=== EXERCISE OBJECTIVE ===
Using the data below, restate exactly every line from the one with "Detalle de los" up to and including the one with "Gordon Creek Pointe". No picture belongs in it.

=== PROVIDED MATERIAL ===
+ + +
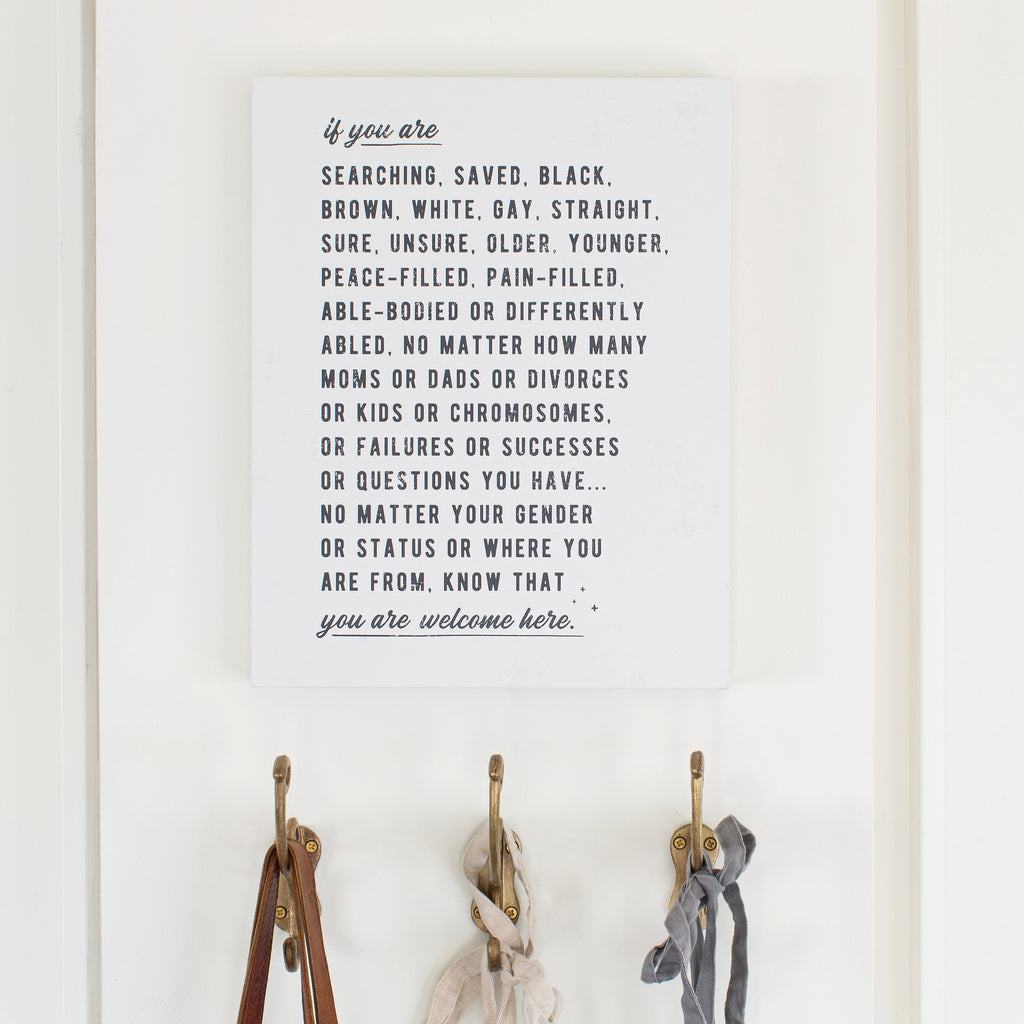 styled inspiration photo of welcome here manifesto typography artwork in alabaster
+ + +
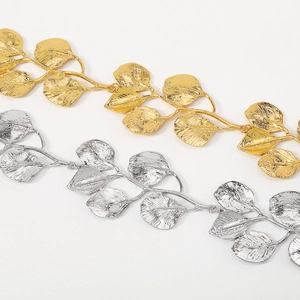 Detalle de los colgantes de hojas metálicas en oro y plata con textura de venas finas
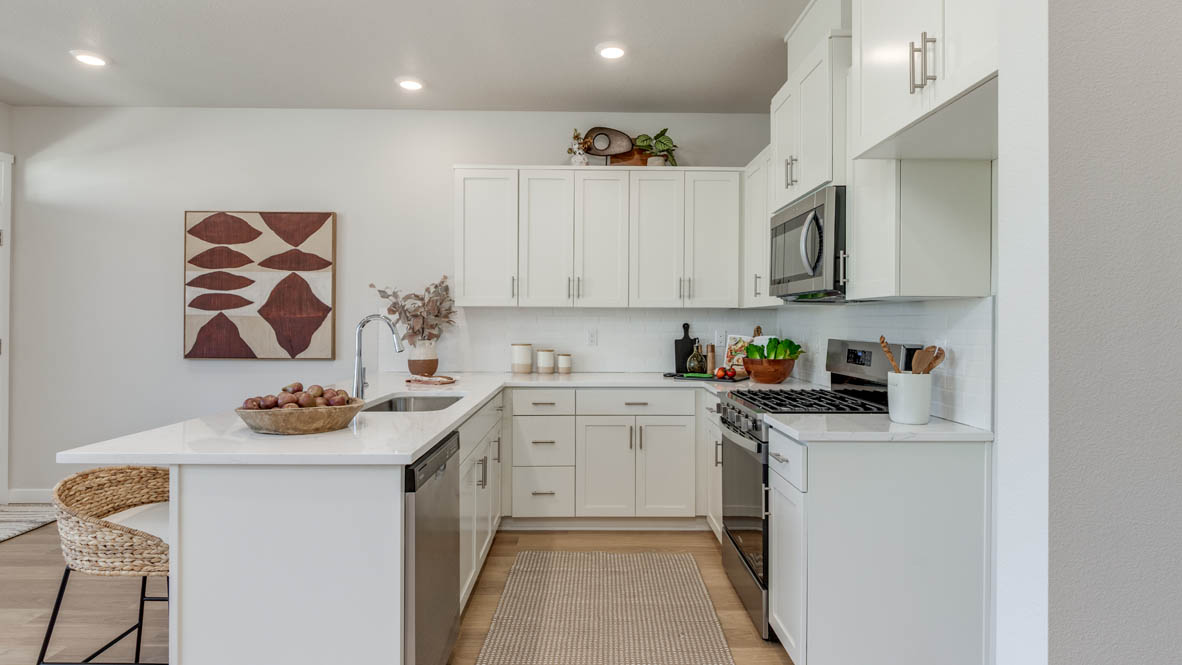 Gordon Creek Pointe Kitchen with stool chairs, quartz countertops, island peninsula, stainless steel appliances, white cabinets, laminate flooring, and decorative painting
+ + +
=== PROBLEM SOLUTION ===
 Detalle de los colgantes de hojas metálicas en oro y plata con textura de venas finas
 Gordon Creek Pointe Kitchen with stool chairs, quartz countertops, island peninsula, stainless steel appliances, white cabinets, laminate flooring, and decorative painting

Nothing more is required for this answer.